** Opening The input block **

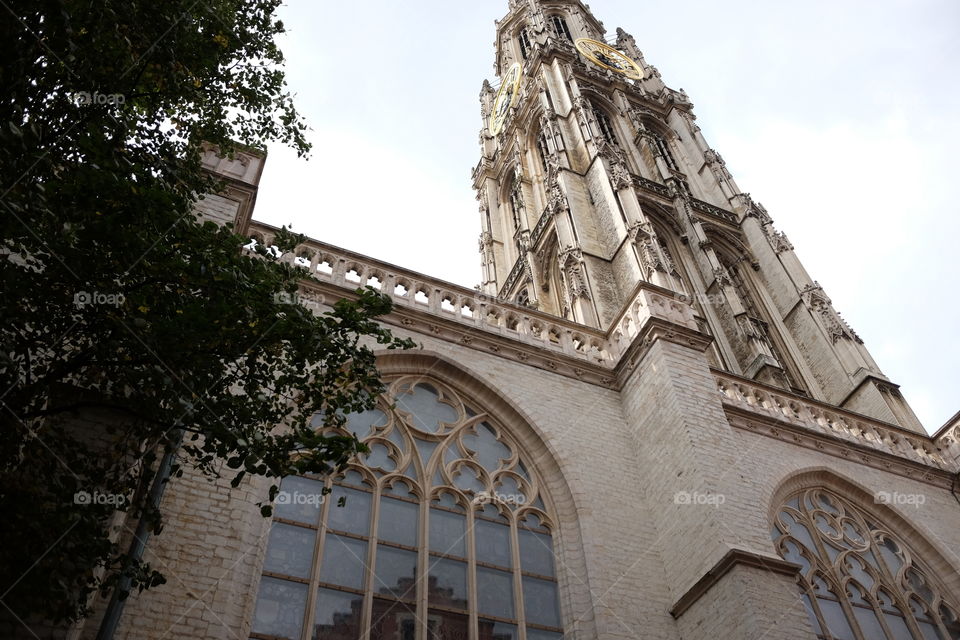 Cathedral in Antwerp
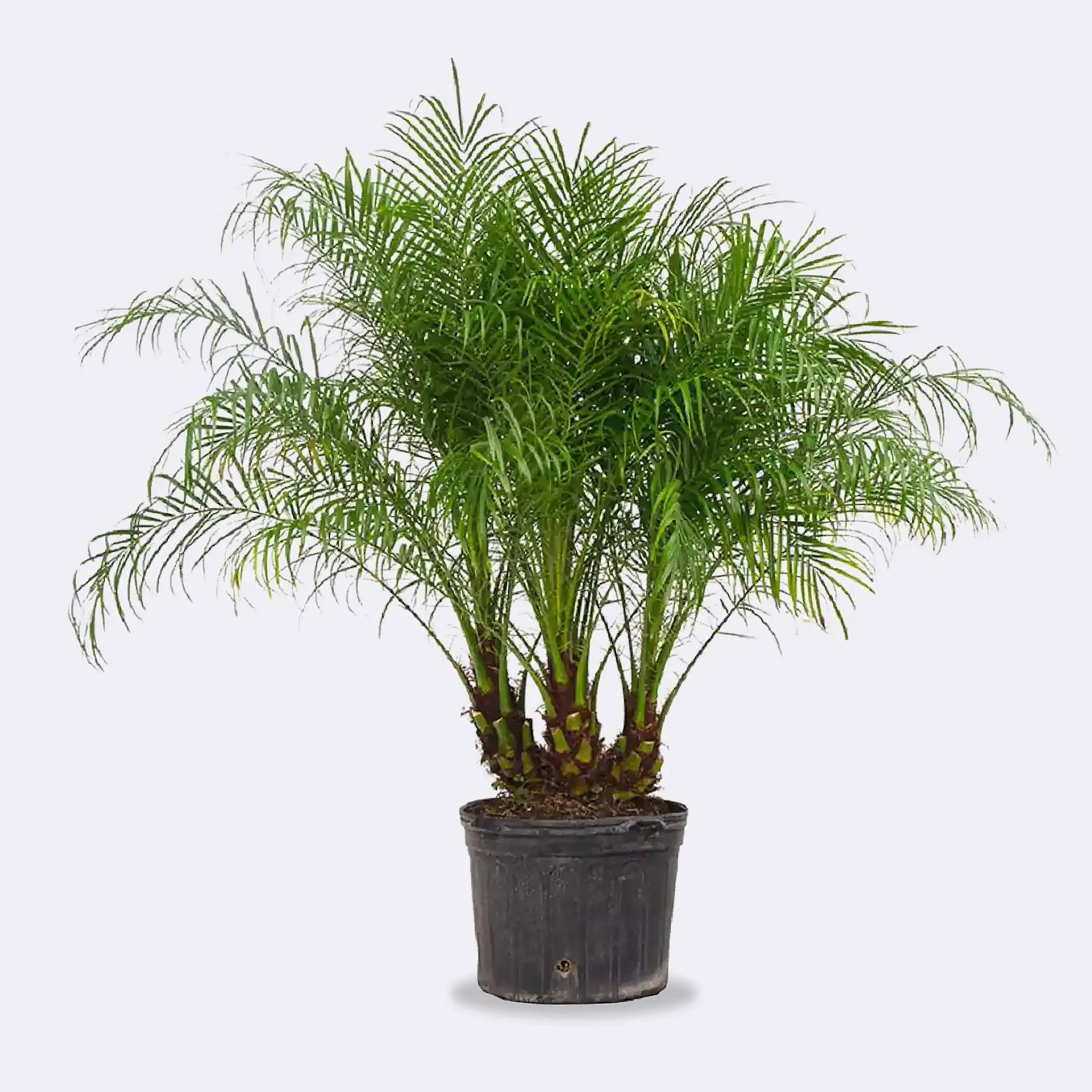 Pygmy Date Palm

** Closing The input block **
** Opening The input block **

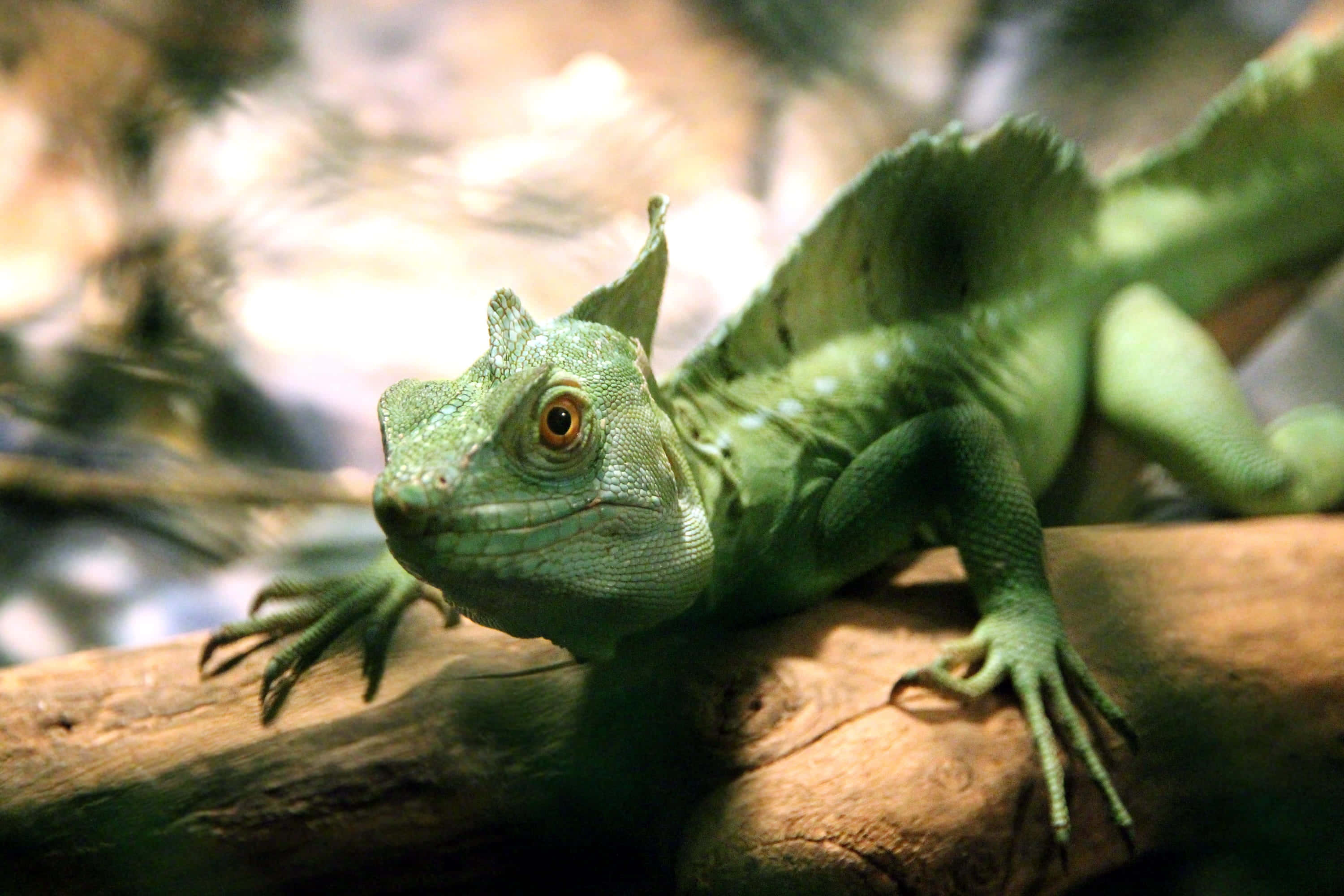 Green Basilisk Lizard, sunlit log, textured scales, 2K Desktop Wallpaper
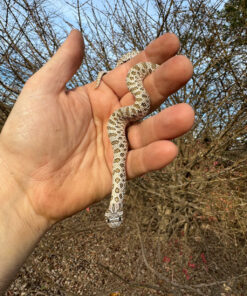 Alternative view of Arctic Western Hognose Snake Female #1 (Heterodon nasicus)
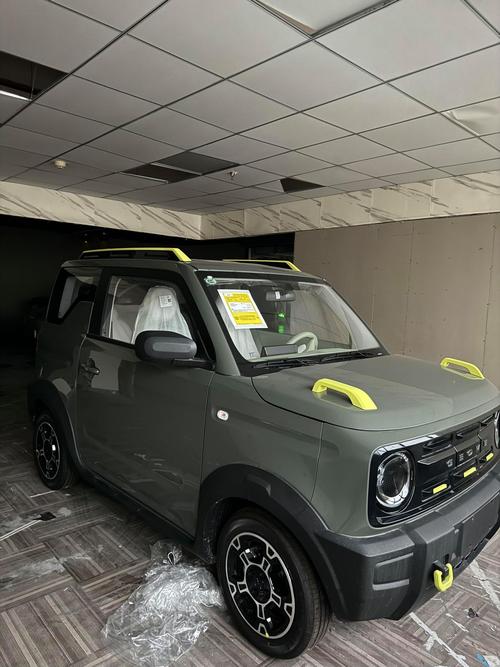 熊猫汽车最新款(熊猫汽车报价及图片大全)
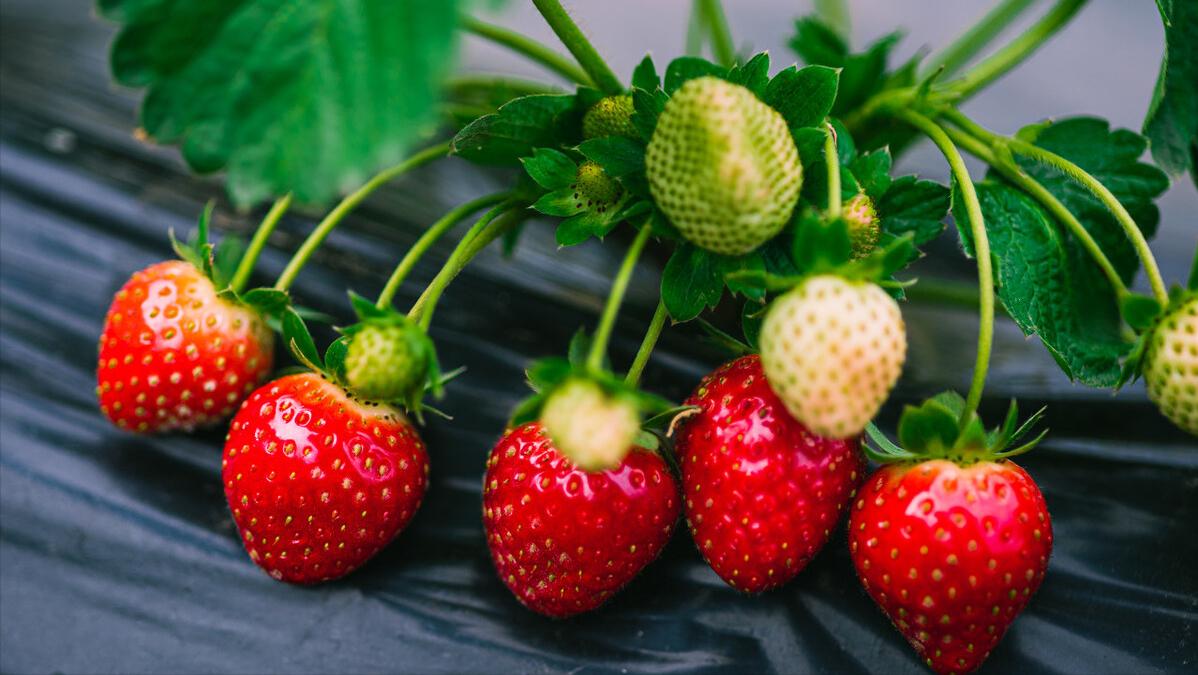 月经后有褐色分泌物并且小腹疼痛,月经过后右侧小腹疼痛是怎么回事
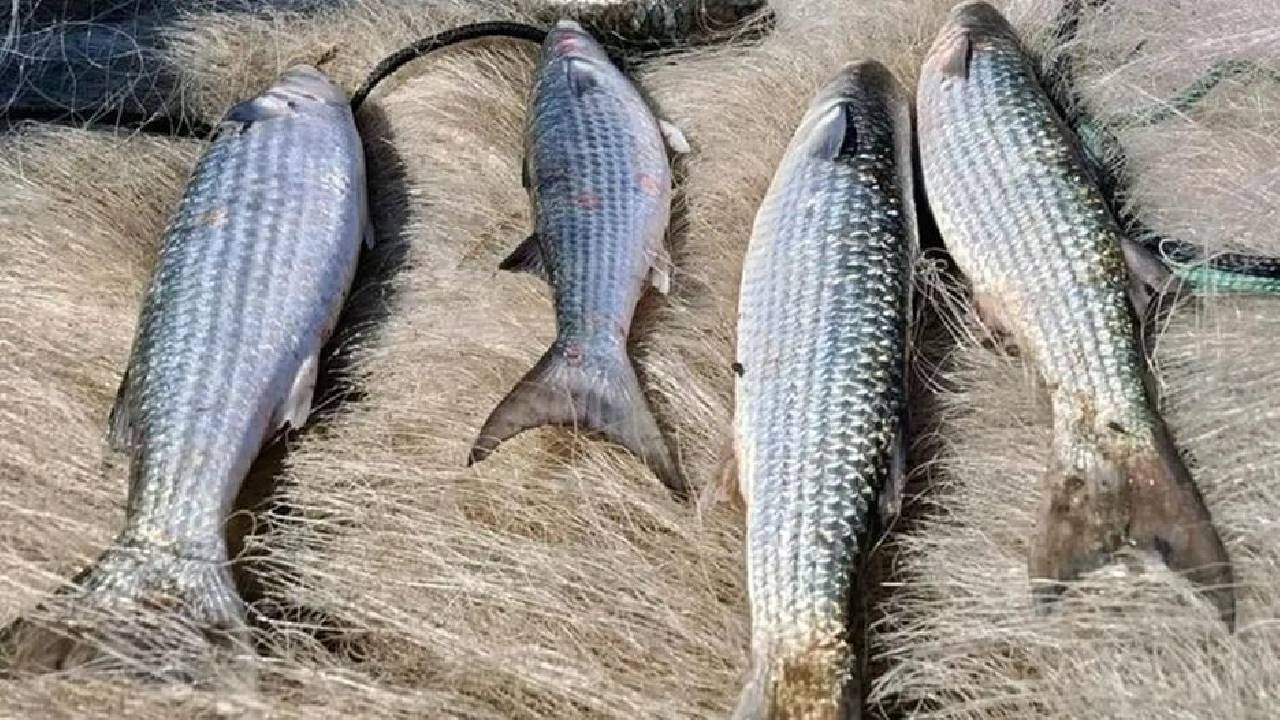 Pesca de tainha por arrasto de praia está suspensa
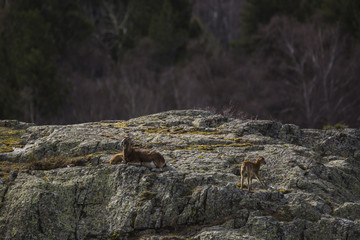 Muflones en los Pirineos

** Closing The input block **
** Opening The input block **

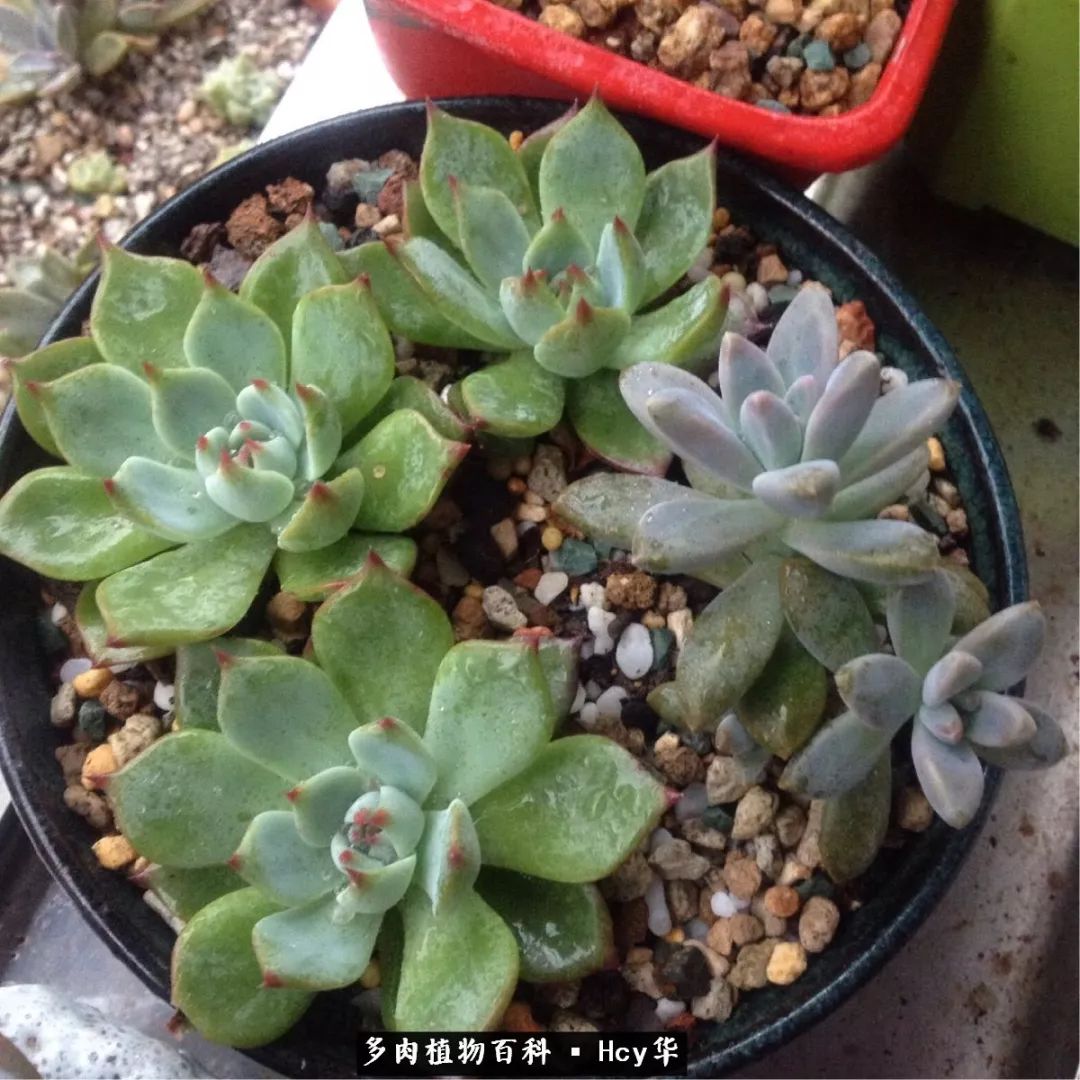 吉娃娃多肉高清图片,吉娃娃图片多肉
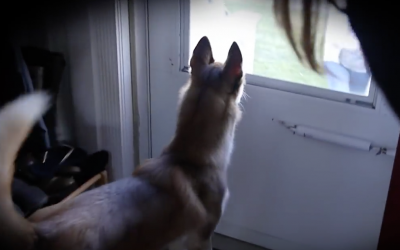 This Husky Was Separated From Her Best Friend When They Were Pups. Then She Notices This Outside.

** Closing The input block **

> [What is needed] Copy nothing but the lines above that run from the one with "月经后有褐色分泌物并且小腹疼痛,月经过后右侧小腹疼痛是怎么回事" to the one with "Muflones en los Pirineos", ends included; pictures stay out.

> [Response]
 月经后有褐色分泌物并且小腹疼痛,月经过后右侧小腹疼痛是怎么回事
 Pesca de tainha por arrasto de praia está suspensa
 Muflones en los Pirineos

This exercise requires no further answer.